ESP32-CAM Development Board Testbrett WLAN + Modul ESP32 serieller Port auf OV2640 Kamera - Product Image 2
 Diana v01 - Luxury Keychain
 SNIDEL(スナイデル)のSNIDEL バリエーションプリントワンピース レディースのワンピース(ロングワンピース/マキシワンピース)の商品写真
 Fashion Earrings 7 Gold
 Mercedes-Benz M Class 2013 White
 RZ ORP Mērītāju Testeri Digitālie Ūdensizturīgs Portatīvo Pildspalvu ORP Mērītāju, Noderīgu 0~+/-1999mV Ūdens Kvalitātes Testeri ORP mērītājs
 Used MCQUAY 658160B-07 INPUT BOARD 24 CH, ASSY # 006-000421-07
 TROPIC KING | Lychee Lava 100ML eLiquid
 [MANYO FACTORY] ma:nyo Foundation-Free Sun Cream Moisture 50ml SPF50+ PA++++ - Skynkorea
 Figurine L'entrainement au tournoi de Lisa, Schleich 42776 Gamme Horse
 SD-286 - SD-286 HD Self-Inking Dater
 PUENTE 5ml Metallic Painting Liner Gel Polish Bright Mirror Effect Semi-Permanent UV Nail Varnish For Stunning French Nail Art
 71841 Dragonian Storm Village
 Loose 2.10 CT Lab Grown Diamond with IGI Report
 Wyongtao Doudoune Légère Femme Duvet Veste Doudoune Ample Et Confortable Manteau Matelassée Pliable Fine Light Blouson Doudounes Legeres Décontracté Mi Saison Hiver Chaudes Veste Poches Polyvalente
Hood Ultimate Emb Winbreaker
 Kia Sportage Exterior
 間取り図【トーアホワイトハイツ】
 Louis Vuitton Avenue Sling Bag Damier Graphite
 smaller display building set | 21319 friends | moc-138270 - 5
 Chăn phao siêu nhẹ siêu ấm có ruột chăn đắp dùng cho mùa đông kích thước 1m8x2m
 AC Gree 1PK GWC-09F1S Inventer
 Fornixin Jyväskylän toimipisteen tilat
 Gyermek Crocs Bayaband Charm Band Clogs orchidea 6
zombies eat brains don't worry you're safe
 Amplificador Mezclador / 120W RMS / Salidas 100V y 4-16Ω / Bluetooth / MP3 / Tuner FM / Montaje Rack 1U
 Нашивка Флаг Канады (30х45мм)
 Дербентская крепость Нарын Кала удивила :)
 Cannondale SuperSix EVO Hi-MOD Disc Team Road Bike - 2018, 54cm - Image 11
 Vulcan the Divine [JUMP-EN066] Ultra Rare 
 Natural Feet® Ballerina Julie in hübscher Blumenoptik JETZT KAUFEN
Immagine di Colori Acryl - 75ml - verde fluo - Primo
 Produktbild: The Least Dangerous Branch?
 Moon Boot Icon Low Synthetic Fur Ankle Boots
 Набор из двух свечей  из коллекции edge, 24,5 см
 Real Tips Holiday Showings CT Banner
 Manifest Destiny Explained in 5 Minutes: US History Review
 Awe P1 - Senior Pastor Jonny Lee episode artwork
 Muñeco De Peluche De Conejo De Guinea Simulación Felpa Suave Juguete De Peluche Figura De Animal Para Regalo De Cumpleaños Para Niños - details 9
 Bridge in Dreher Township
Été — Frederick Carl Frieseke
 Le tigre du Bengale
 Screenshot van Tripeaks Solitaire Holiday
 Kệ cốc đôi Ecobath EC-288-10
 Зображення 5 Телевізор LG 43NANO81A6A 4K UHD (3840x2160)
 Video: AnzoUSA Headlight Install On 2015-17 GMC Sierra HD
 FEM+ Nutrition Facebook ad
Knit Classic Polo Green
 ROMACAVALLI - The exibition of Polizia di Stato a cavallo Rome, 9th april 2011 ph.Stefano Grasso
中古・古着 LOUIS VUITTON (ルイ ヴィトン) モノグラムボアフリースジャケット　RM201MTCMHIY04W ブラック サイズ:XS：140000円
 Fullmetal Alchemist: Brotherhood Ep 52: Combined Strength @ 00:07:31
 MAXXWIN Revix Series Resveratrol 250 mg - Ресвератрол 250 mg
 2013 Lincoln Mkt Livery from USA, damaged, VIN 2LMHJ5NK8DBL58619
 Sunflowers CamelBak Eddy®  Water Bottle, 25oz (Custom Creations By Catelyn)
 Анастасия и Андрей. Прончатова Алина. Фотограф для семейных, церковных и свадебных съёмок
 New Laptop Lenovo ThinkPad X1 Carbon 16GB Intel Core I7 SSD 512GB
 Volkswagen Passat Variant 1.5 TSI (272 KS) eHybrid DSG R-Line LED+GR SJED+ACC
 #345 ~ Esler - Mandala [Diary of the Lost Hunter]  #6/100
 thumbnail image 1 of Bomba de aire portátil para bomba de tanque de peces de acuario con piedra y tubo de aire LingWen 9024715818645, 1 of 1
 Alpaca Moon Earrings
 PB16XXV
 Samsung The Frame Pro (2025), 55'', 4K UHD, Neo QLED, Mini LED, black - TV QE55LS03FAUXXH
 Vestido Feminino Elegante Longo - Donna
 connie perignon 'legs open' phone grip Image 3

□ □ □

Task objective
Where a line of the listing holds "Moon", show that line.

Result of this exercise
 Moon Boot Icon Low Synthetic Fur Ankle Boots
 Alpaca Moon Earrings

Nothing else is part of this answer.